A YouTube spokesperson told CBS News on Friday the site
works hard "to ensure YouTube is not used to encourage dangerous
behavior." The spokesperson also said YouTube has "strict
policies" that prohibit videos that promote self-harm.
"We rely on both user flagging and smart detection
technology to flag this content for our reviewers," the spokesperson said.
"Every quarter we remove millions of videos and channels that violate our
policies and we remove the majority of these videos before they have any views.
We are always working to improve our systems and to remove violative content
more quickly, which is why we report our progress in a quarterly report and
give users a dashboard showing the status of videos they've flagged to
us."
However, YouTube kids has a history of letting disturbing
and violent videos slipping past its algorithms. In 2017, searching the word
"gun" on the app surfaced a video on how to build a coil gun,
Mashable reported. Other videos at the time featured Mickey Mouse in a pool of
blood and Spider-Man urinating on Elsa, the princess from "Frozen,"
prompting backlash.
"The YouTube Kids team is made up of parents who
care deeply about this, so it's extremely important for us to get this right,
and we act quickly when videos are brought to our attention," a YouTube
spokeswoman told CNET at the time. "We agree this content is unacceptable
and are committed to making the app better every day."
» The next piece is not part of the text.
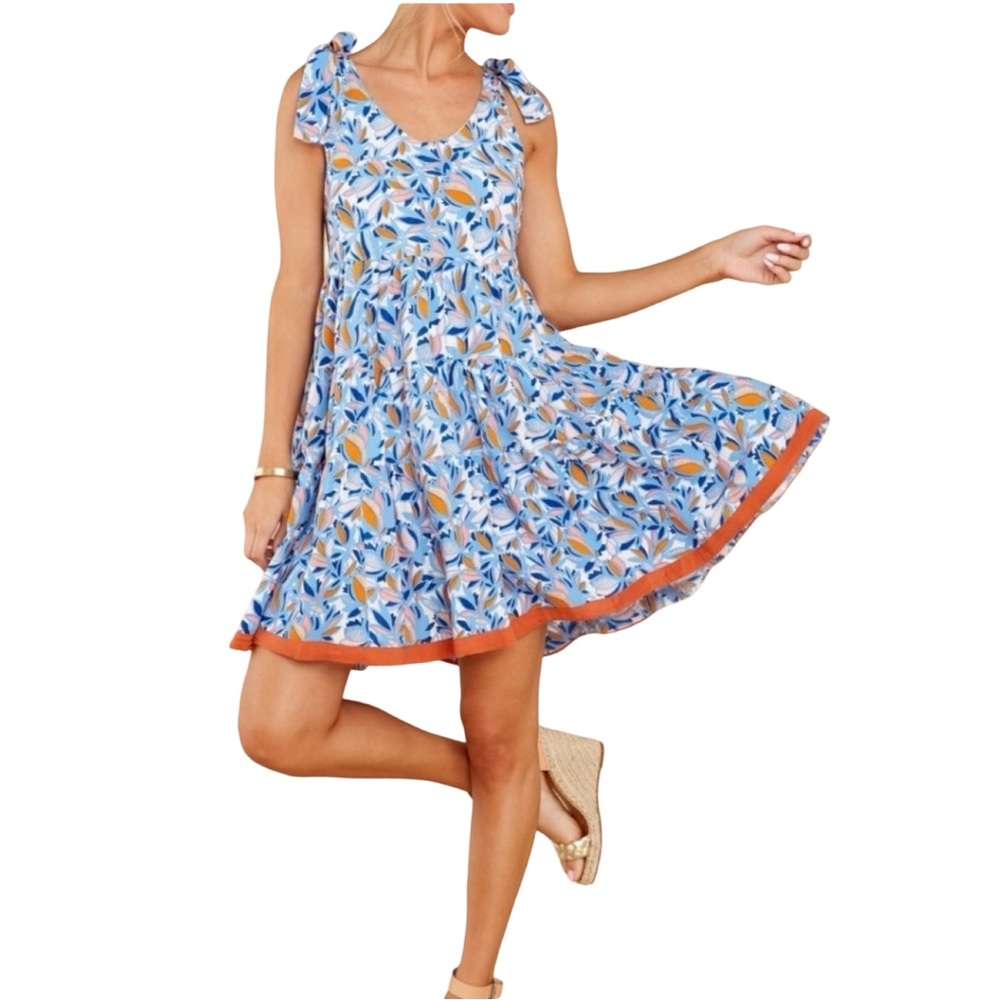 THML Blue Floral Tie Strap‎ Tiered Mini Dress Size Small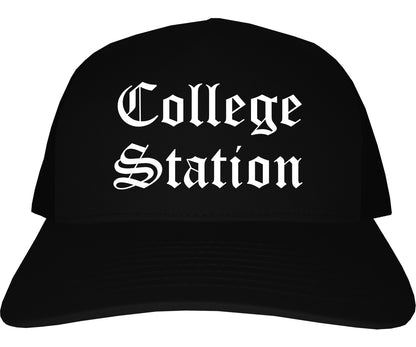 College Station Texas TX Old English Mens Trucker Hat Cap Black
Since the backlash in 2017, YouTube has outlined steps it
is taking to improve safety on its Kids app. In November 2017, the company
outlined a new set of guidelines, including "faster enforcement" of
community guidelines and "blocking inappropriate comments." In April
last year, YouTube announced three new parental control features to give
parents the ability to curate what their child is seeing on the app. There are also
a number of other ways for parents to make the app safer, but none of them are
automatic.
This week, new cases of inappropriate content prompted
high-profile responses, including from Disney and Nestle, which pulled
advertising from YouTube after a blogger described "a wormhole into a
soft-core pedophilia ring" on the site.
YouTube said Thursday it was taking aggressive action,
banning more than 400 accounts and taking down dozens of videos.
Critics say its approach to safety across platforms just
isn't working.
TLDR: Disabled comments on tens of millions of videos. Terminated over 400 channels. Reported illegal comments to law enforcement.
Parents remain concerned about safety both on YouTube and
YouTube Kids. "We should start by educating ourselves, educating our
children, and speaking up when we see something that is dangerous for our
children," Hess wrote on her blog. "We also need to fight to have the
developers of social media platforms held responsible when they do not assure
that age restrictions are followed and when they do not remove inappropriate
and/or dangerous material when reported."